The data ▸
========================

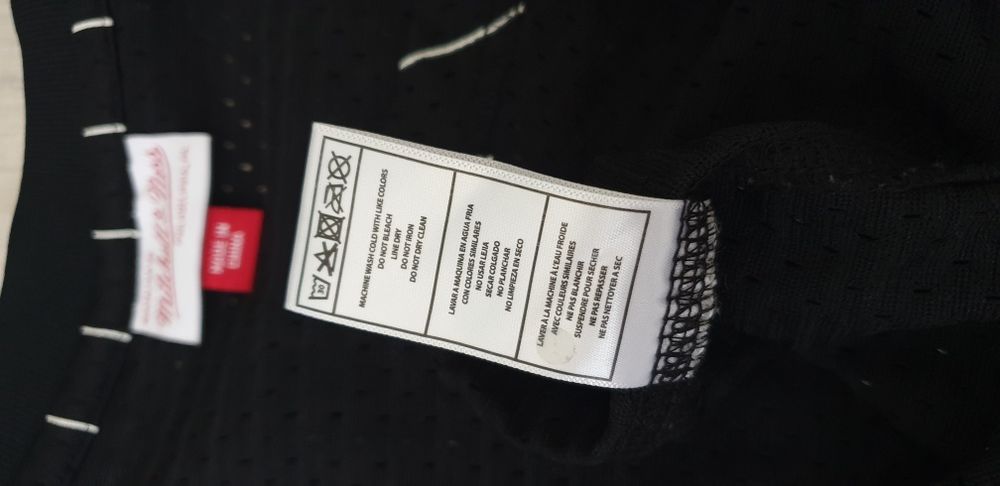 Mitchell & Ness NBA Shaquille O Neal Magic НОВО ОРИГИНАЛ Мъжка Тениска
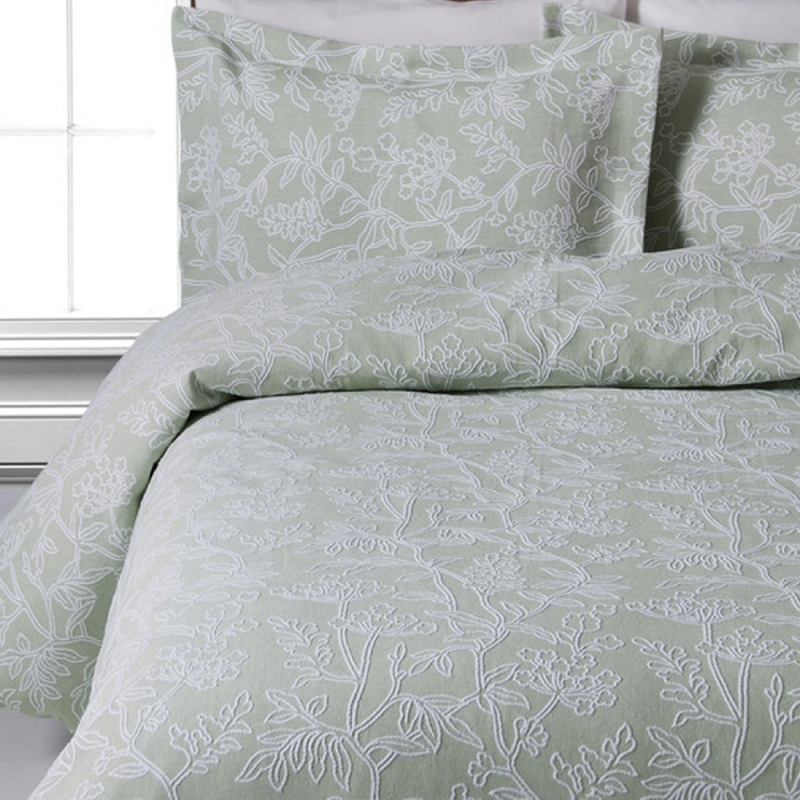 Arley Duvet Cover Aqua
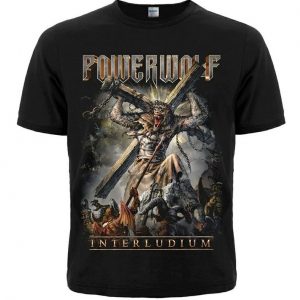 Футболка Powerwolf 07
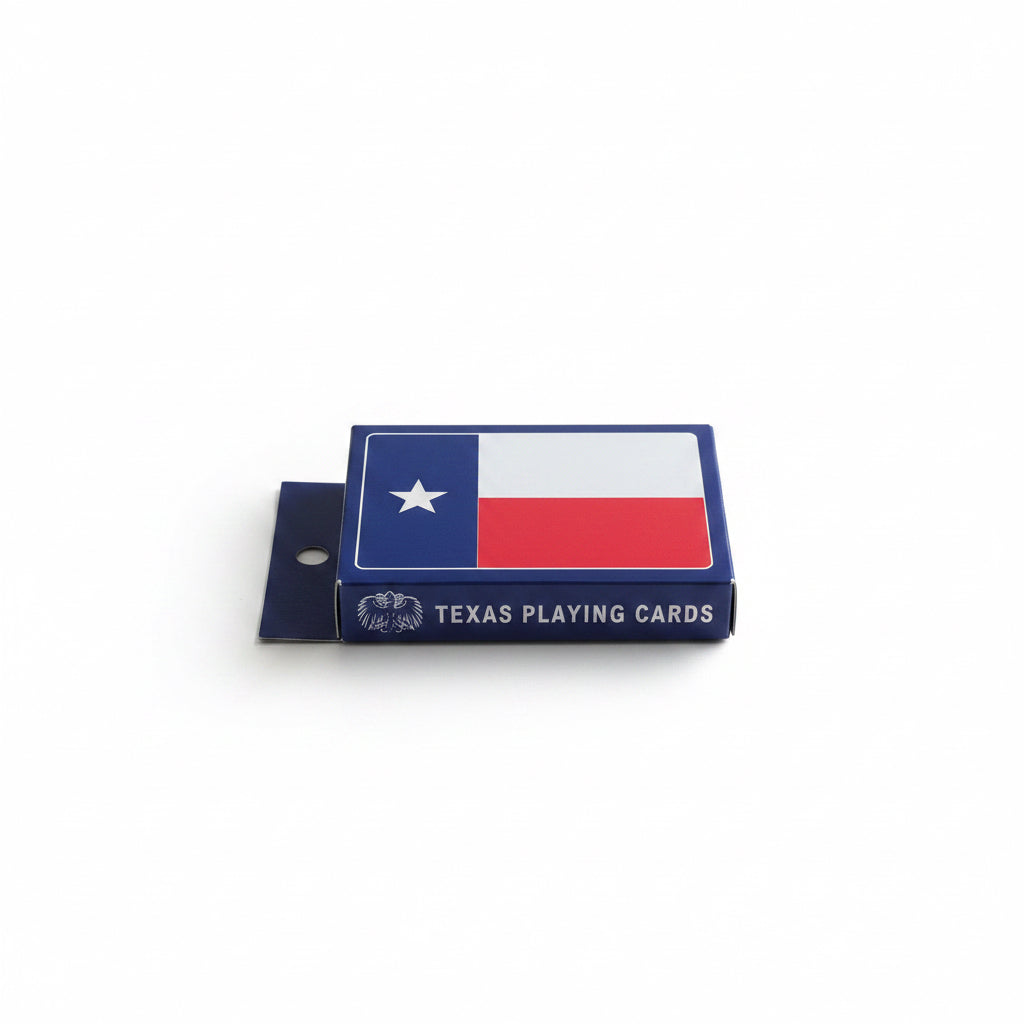THANK YOU - Texas Flag Playing Cards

========================

Work to complete ▸ Could the data above be returned in full, exactly, with every image left out?

Solution for this problem ▸
 Mitchell & Ness NBA Shaquille O Neal Magic НОВО ОРИГИНАЛ Мъжка Тениска
 Arley Duvet Cover Aqua
 Футболка Powerwolf 07
THANK YOU - Texas Flag Playing Cards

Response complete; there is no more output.